Alford On How U.S. Courts Have Ruled In Thimerosal/Autism Cases

Alford On How U.S. Courts Have Ruled In Thimerosal/Autism Cases

In this Emerging Issues Analysis, toxic tort litigator and author Margie Searcy Alford reviews recent court decisions in cases alleging a link between thimerosal and autism. She writes:

"According to the Centers for Diseases Control, about one out of every one hundred and ten children in the U.S. is autistic. Some parents believe that their children were meeting normal developmental milestones until they received thimerosal-containing vaccines, and that the children developed autism immediately afterwards.

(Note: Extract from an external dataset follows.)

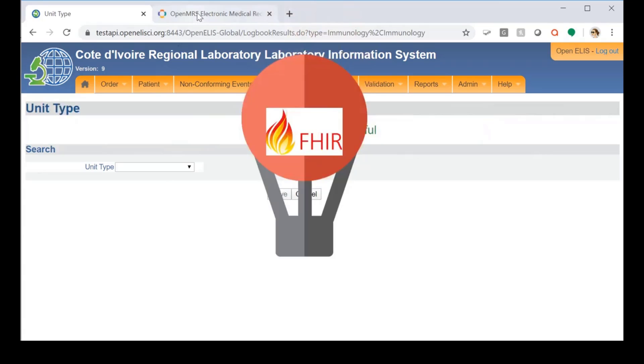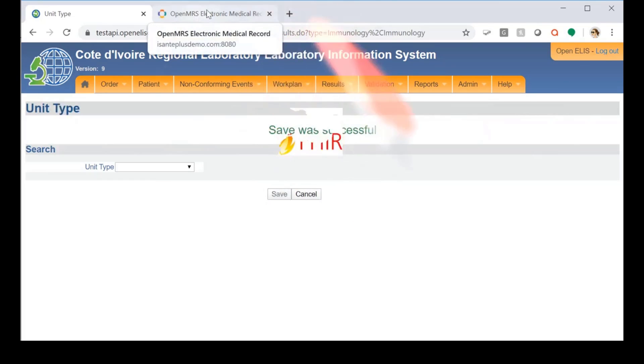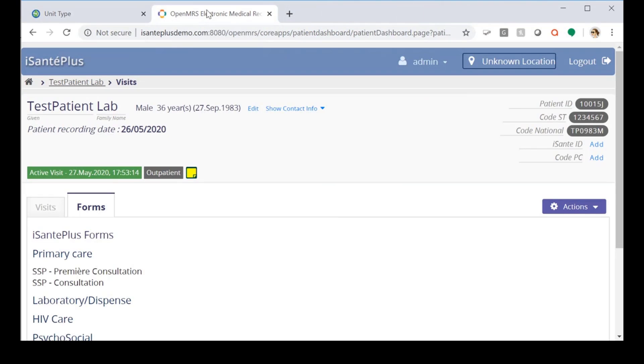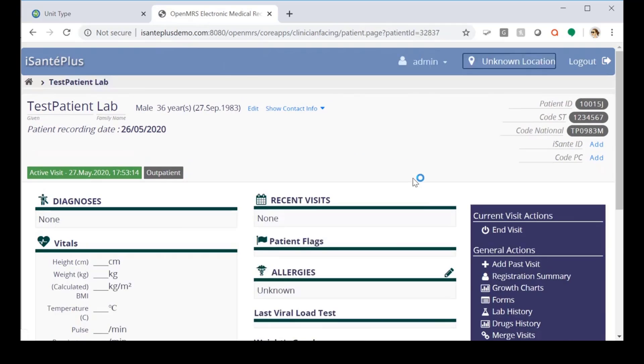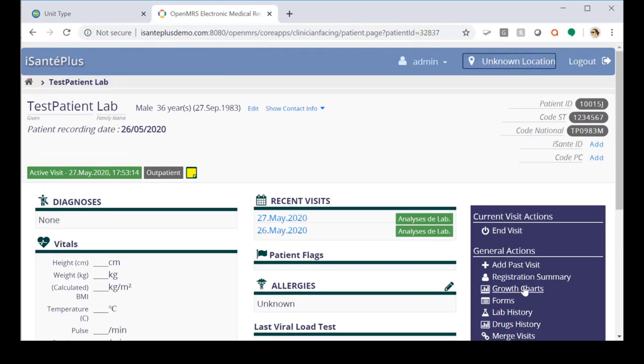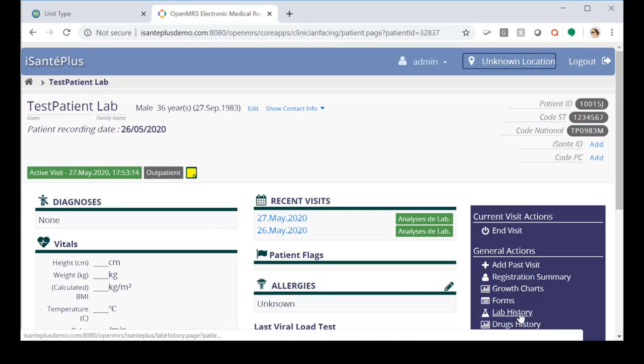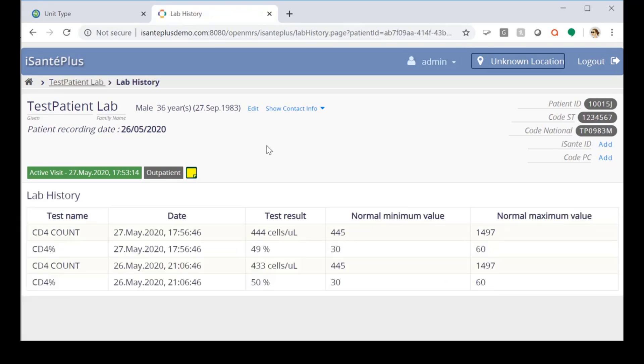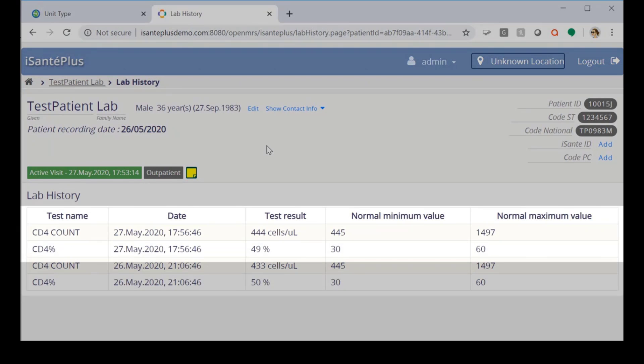Now once the test is saved, a diagnostic report FHIR resource is created that eSante Plus can then pull to display the lab results. So we'll look in lab history here. And here we're able to see the results which were entered in OpenELIS, which eSante Plus has now pulled.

These parents believe that their children at once developed brain damage with symptoms such as cessation of talking, repetitive movements, poor eye contact and frequently but not always decreased intelligence.

"Many of these parents filed suit in the U.S. Court of Claims, but all of the recent cases have been lost on causation issues. The courts generally have held that there is not sufficient credible evidence to prove that thimerosal causes autism. Many parents continue to believe that it does - but that the scientific evidence has not yet been developed to the point that can be proven to the satisfaction of courts hearing these cases."

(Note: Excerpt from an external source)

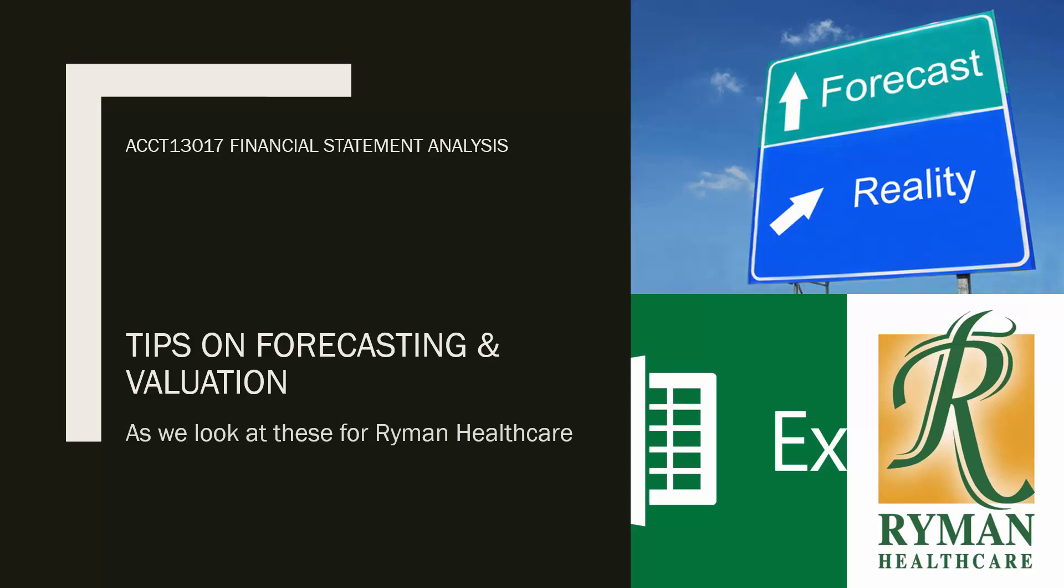Would you like some guidance on forecasting and completing a valuation of your firm? In this video we will look at how we complete the key value drivers worksheet in our Excel spreadsheet for our firm.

Ms. Alford covers the National Childhood Vaccine Injury Act of 1986 that created the National Vaccine Injury Compensation Program, statute of limitations, federal preemption of state court claims, "table" v. "non-table" cases, omnibus autism proceedings (OAP), OAP limited to autism cases, test cases on the theory that thimerosal and MMR vaccine could cause autism and test cases on the theory that thimerosal along could cause autism.